(Recorded data begins)
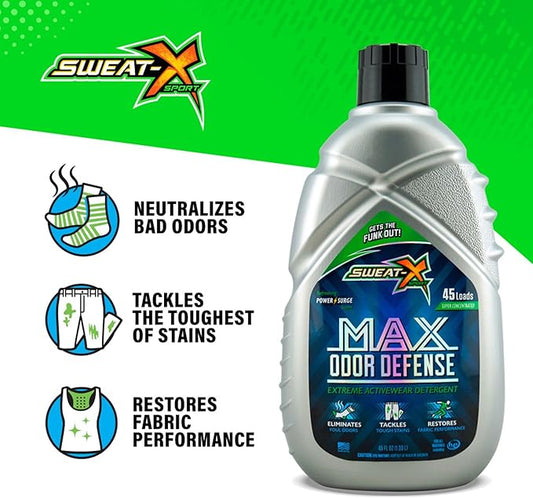 Sweat X Original Max Odor Defense Laundry Detergent – Remove the Worst Odors & Toughest Stains – High Performance Sports Wash for Training Gear & All Fabric Types – 45 Loads – 2 Pack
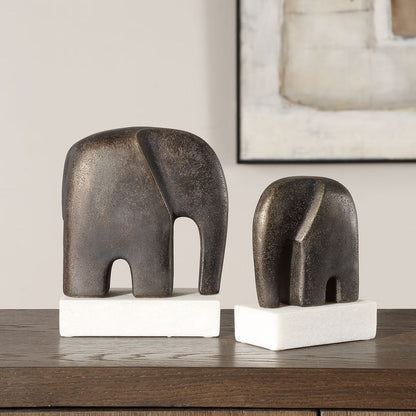 Timeless Tusk Sculptures, Set of 2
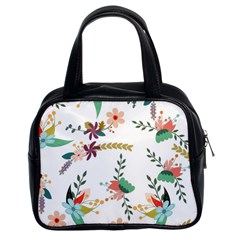 Floral Backdrop Pattern Flower Classic Handbags (2 Sides) by Celenk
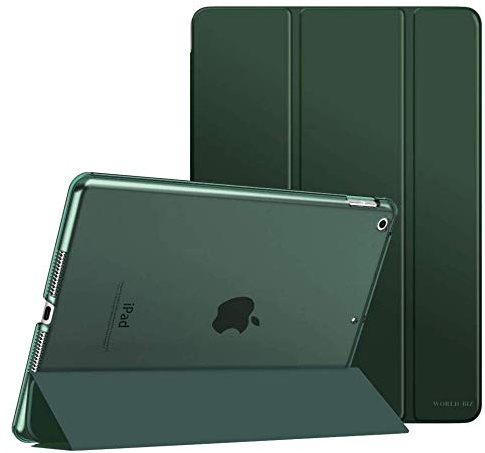 WorldBiz Smart Case for iPad 10.2 (9th/8th/7th Gen 2021/2020/2019) Ultra Slim Magnetic Cover Shell With Translucent Frosted Back, Auto Wake/Sleep (Dark Green)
(Recorded data ends)
Your task is to repeat the listing exactly while omitting its pictures.

 Sweat X Original Max Odor Defense Laundry Detergent – Remove the Worst Odors & Toughest Stains – High Performance Sports Wash for Training Gear & All Fabric Types – 45 Loads – 2 Pack
 Timeless Tusk Sculptures, Set of 2
 Floral Backdrop Pattern Flower Classic Handbags (2 Sides) by Celenk
 WorldBiz Smart Case for iPad 10.2 (9th/8th/7th Gen 2021/2020/2019) Ultra Slim Magnetic Cover Shell With Translucent Frosted Back, Auto Wake/Sleep (Dark Green)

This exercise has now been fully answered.